Twenty-seven years to the day after he incorporated the company he co-founded, Jeff Bezos has retired as CEO of Amazon, handing over the reins to Andy Jassy, head of the company’s cloud computing division.
Bezos told employees and shareholders his plans to step down back in February, naming Jassy his successor and announcing he would still have an active role with the company as executive chair, where he will keep focusing on his and the company’s many side initiatives, including space exploration, combating climate change and philanthropy.
“As executive chair I will stay engaged in important Amazon initiatives but also have the time and energy I need to focus on the Day 1 Fund, the Bezos Earth Fund, Blue Origin, The Washington Post and my other passions,” Bezos said at the time, noting that, “I’ve never had more energy, and this isn’t about retiring.”
The date was chosen because of the symbolism, as Bezos incorporated the company on July 5, 1994.
An electrical engineer and computer programmer by training, Bezos worked on Wall Street after his university days, including at one firm where he met his future wife, MacKenzie. The pair would marry in 1993.
The pair dreamed of starting an online business, although they were not sure what to sell at first.
Bezos quickly determined that an online bookstore would resonate with consumers, so he and MacKenzie set out on a road trip to Seattle — a city chosen for its abundance of tech talent and proximity to a large book distributor in Roseburg, Ore.

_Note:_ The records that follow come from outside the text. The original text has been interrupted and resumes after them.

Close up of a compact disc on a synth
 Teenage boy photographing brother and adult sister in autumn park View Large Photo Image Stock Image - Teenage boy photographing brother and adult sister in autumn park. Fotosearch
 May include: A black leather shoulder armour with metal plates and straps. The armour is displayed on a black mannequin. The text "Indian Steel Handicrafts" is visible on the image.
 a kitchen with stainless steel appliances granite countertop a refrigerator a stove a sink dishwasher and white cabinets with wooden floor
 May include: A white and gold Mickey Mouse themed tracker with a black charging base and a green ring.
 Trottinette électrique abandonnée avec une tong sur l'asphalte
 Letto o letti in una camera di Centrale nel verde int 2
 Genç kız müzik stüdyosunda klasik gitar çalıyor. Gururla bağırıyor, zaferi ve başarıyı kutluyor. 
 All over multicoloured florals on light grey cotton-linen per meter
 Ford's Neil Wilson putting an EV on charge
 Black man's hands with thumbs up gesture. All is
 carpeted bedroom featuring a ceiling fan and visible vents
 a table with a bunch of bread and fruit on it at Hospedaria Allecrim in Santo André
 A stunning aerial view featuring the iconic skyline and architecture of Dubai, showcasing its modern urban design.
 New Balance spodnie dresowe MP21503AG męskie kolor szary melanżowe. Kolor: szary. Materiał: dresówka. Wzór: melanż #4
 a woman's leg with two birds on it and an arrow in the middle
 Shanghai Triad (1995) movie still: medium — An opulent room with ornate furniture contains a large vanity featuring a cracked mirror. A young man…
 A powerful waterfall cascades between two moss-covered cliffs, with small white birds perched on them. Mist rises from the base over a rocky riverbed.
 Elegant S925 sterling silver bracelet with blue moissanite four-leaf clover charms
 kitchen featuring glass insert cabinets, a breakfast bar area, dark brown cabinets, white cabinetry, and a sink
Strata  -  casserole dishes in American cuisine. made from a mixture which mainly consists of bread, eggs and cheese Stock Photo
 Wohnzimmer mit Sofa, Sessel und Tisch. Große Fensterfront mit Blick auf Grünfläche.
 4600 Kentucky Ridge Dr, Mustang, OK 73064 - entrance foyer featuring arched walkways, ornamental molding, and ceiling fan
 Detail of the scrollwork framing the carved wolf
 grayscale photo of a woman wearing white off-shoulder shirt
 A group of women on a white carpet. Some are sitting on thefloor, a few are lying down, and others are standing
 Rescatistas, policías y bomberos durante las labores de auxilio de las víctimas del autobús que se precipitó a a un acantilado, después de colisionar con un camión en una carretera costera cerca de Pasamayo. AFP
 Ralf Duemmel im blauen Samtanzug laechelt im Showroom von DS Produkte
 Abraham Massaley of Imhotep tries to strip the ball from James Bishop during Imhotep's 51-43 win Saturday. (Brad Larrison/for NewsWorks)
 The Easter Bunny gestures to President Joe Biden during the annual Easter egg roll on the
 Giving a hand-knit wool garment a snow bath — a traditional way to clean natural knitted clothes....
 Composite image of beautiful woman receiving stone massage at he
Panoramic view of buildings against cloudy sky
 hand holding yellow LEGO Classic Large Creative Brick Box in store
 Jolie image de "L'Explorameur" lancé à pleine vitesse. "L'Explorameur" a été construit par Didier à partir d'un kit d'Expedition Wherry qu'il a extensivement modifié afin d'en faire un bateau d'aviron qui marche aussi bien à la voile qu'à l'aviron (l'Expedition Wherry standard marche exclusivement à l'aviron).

While MacKenzie drove, Bezos wrote up the business plan for what would become Amazon.com. Bezos convinced his parents and some friends to invest in the idea, and Amazon began operating out of the couple’s Seattle garage the next year.
The company was unprofitable for several years, before expanding into e-commerce, server hosting and other initiatives. Today, Jassy takes over a company that is worth more than $1.7 trillion US, and took in almost $400 billion in revenue last year.